What is needed —
Data follows below. Repeat exactly the lines between the line holding "Snowdon Kayak Adventure" and the line holding "Fender Standard Stratocaster", inclusive, and nothing more; drop pictures.

Dataset records —
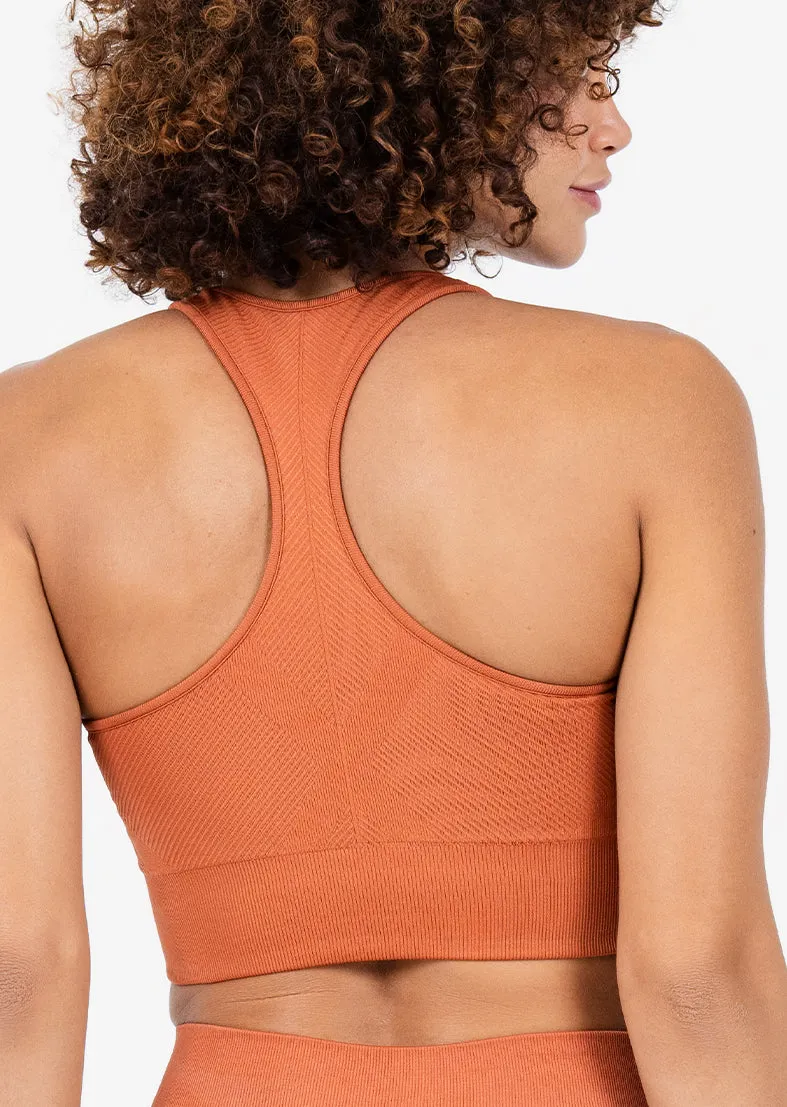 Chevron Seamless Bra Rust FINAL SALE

==

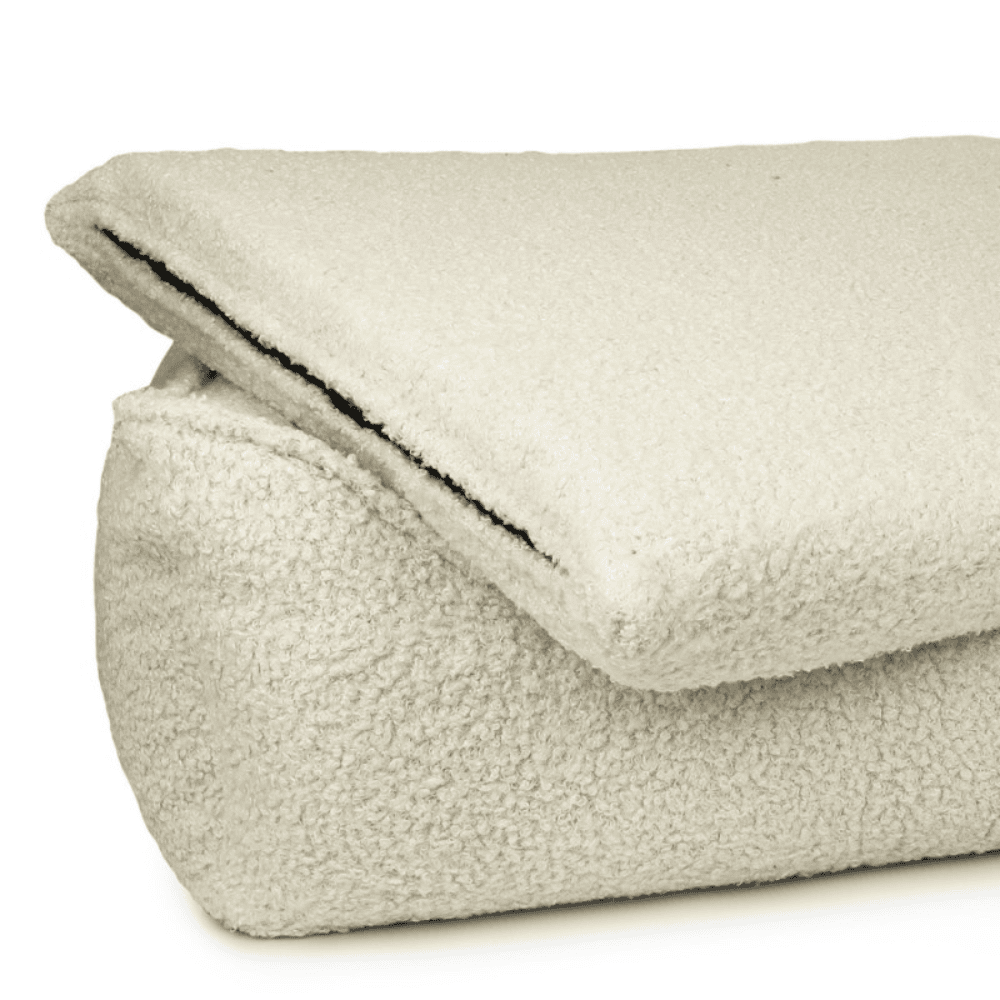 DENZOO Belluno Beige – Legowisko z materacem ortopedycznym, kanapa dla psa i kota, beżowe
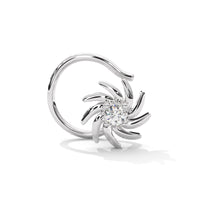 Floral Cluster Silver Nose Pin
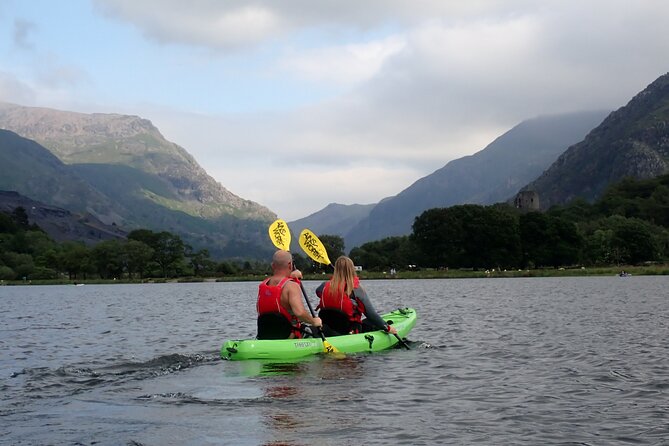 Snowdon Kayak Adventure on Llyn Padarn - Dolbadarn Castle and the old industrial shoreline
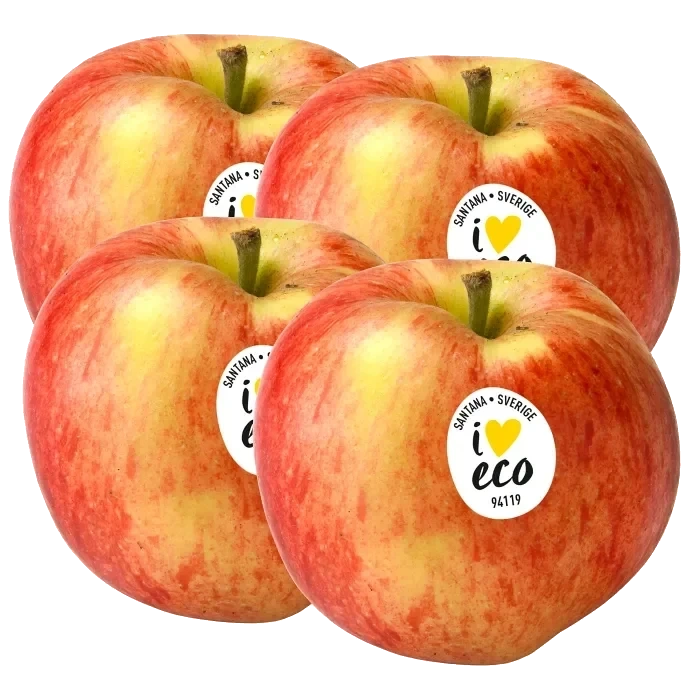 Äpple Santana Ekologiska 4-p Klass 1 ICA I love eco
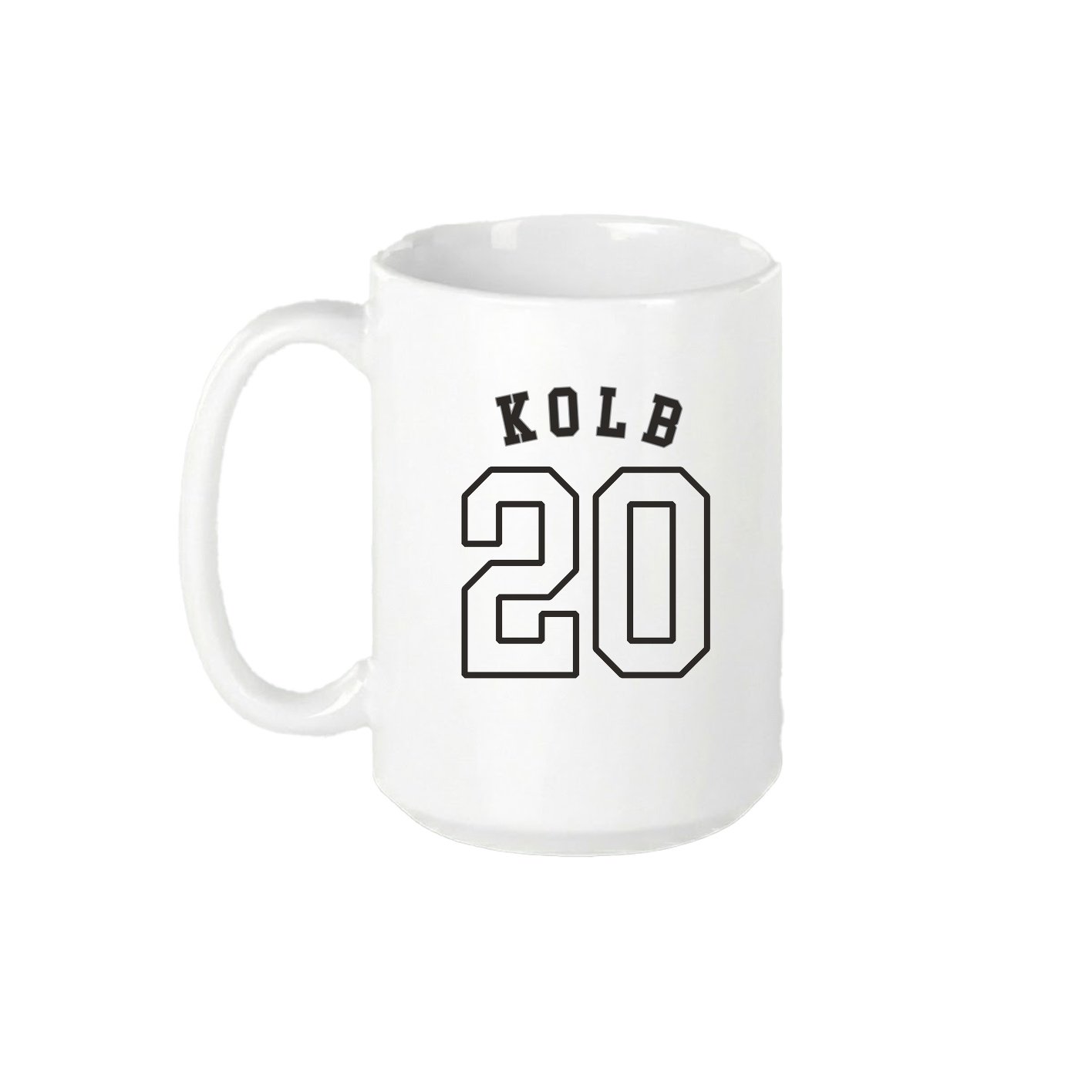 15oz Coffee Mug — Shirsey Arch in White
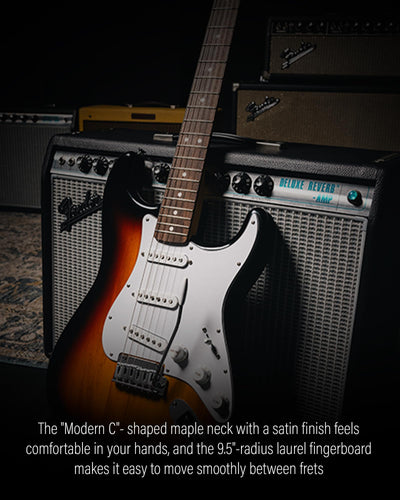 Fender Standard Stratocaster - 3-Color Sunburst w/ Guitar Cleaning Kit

Exercise answer —
 Snowdon Kayak Adventure on Llyn Padarn - Dolbadarn Castle and the old industrial shoreline
 Äpple Santana Ekologiska 4-p Klass 1 ICA I love eco
 15oz Coffee Mug — Shirsey Arch in White
 Fender Standard Stratocaster - 3-Color Sunburst w/ Guitar Cleaning Kit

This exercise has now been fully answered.